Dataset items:
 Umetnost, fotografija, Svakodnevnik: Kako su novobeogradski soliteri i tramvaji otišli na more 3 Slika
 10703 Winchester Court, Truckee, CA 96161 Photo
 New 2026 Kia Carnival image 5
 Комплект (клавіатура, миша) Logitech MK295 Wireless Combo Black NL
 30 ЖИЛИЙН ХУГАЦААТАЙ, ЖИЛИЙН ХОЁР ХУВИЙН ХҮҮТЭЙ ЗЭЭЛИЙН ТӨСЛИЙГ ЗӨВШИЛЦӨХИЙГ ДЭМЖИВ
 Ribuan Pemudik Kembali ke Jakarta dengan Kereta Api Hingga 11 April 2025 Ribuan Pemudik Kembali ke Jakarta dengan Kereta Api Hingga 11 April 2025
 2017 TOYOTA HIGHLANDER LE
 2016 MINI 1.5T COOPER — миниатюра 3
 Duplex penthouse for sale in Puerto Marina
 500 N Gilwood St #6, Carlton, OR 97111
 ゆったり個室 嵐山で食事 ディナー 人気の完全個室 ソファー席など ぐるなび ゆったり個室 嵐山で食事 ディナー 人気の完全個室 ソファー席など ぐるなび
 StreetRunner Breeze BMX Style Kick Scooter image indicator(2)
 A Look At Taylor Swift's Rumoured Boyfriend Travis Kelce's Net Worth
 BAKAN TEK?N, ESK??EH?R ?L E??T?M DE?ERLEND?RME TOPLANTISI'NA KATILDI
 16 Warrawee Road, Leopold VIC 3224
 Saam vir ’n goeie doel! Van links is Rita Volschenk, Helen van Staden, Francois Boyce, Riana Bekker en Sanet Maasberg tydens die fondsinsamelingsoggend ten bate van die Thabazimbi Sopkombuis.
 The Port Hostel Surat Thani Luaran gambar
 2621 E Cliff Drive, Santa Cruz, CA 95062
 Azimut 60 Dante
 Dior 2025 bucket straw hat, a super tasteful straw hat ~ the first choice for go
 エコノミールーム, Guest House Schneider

> _EXERCISE PROMPT_: Tally how many lines of the data include the word "image". Write the number and nothing else.

> _RESPONSE_: 2